Le foglie ed i fusti, più raramente la radice, sono le parti più utilizzate, sia per il consumo fresco sia per la preparazione di salse, per dare sapore alle minestre, pesce, verdure, formaggi. Il prezzemolo lo troviamo nei bouquet garni (insieme di erbe aromatiche legate con uno spago per preparare brodi), ma anche nelle fines erbes (miscela di erbe con dragoncello, cerfoglio, erba cipollina).
Va, preferibilmente, mangiato crudo per sfruttare al meglio le proprietà e i benefici. Il prezzemolo contiene 5,80% di acqua, 50% di carboidrati, 26% di proteine, fibre, zuccheri e ceneri, 5,50% di grassi. Il sodio, il potassio, il calcio, il magnesio, il ferro, lo zinco, il selenio, il manganese sono i minerali presenti.
Ricco di vitamine A, B1, B2, B3, B5, B6, C, E, K, F. Presenti anche flavonoidi con proprietà antiossidanti, tra cui la luteina che ritarda l’invecchiamento cellulare. Già nell’antichità erano conosciute le sue proprietà curative, gli antichi Greci lo utilizzavano, in particolar modo, contro il mal di denti.

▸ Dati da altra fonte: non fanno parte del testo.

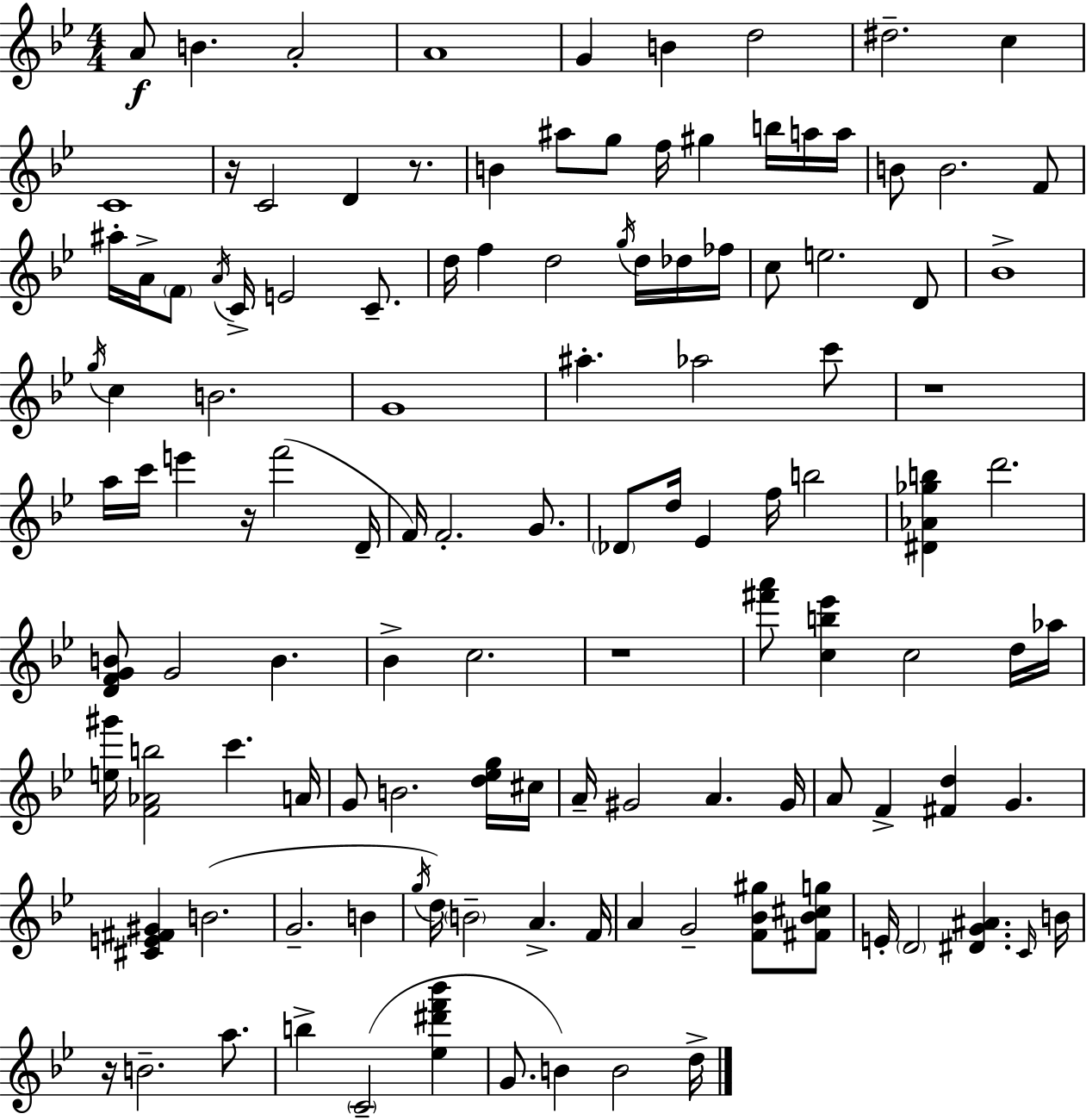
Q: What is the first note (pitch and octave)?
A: A4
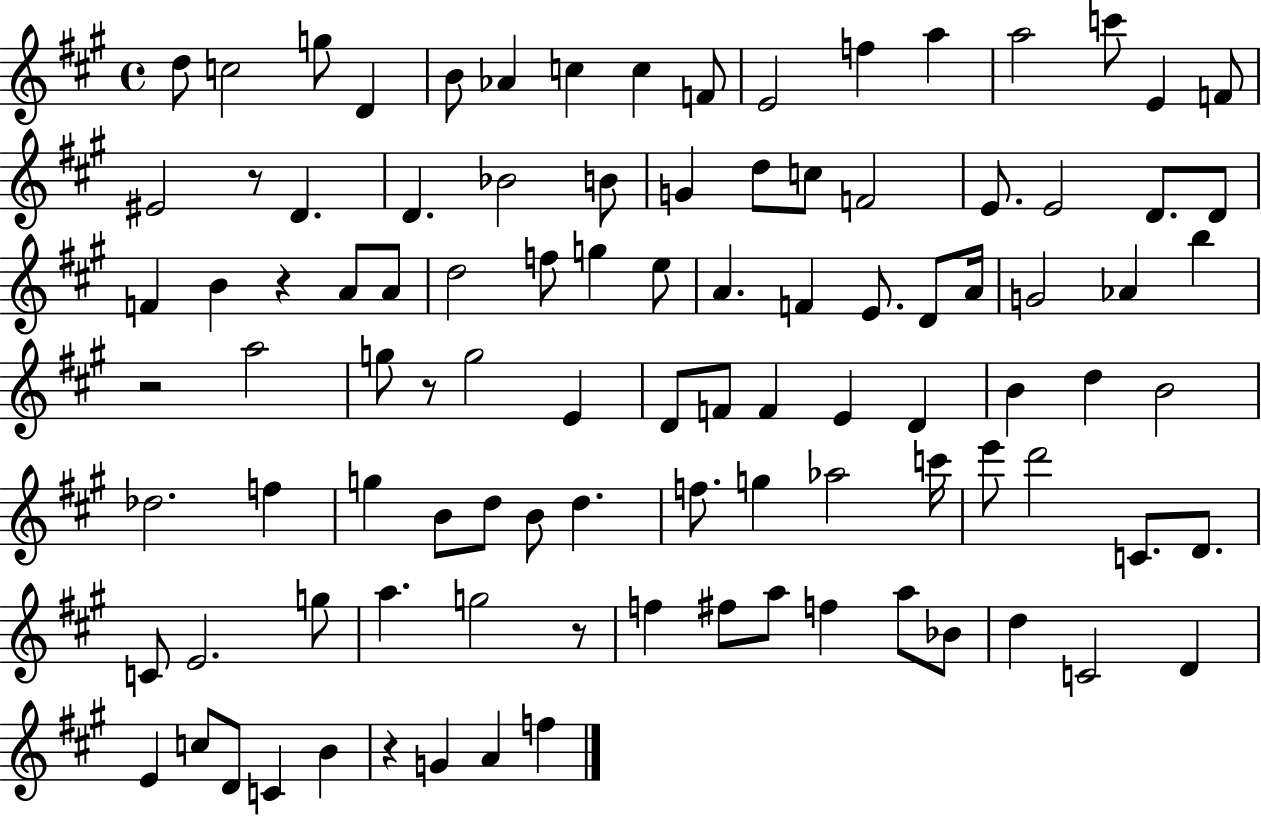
{
  \clef treble
  \time 4/4
  \defaultTimeSignature
  \key a \major
  d''8 c''2 g''8 d'4 | b'8 aes'4 c''4 c''4 f'8 | e'2 f''4 a''4 | a''2 c'''8 e'4 f'8 | \break eis'2 r8 d'4. | d'4. bes'2 b'8 | g'4 d''8 c''8 f'2 | e'8. e'2 d'8. d'8 | \break f'4 b'4 r4 a'8 a'8 | d''2 f''8 g''4 e''8 | a'4. f'4 e'8. d'8 a'16 | g'2 aes'4 b''4 | \break r2 a''2 | g''8 r8 g''2 e'4 | d'8 f'8 f'4 e'4 d'4 | b'4 d''4 b'2 | \break des''2. f''4 | g''4 b'8 d''8 b'8 d''4. | f''8. g''4 aes''2 c'''16 | e'''8 d'''2 c'8. d'8. | \break c'8 e'2. g''8 | a''4. g''2 r8 | f''4 fis''8 a''8 f''4 a''8 bes'8 | d''4 c'2 d'4 | \break e'4 c''8 d'8 c'4 b'4 | r4 g'4 a'4 f''4 | \bar "|."
}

In caso di anemia il prezzemolo rappresenta un ottimo rimedio, così come dopo uno sforzo prolungato o dopo una lunga malattia, le sue proprietà rimineralizzanti rappresentano un valido aiuto. Basterà masticare qualche foglia fresca di prezzemolo per eliminare problemi di alitosi. Ridona tonicità buona salute sia ad unghie che capelli. Durante gli stati influenzali si può utilizzare un infuso a base di prezzemolo per calmare la tosse. Unica controindicazione per le donne in gravidanza in quanto, ad alte concentrazioni, potrebbe favorire un aborto. Se applicato sul seno favorirebbe la regressione del latte materno.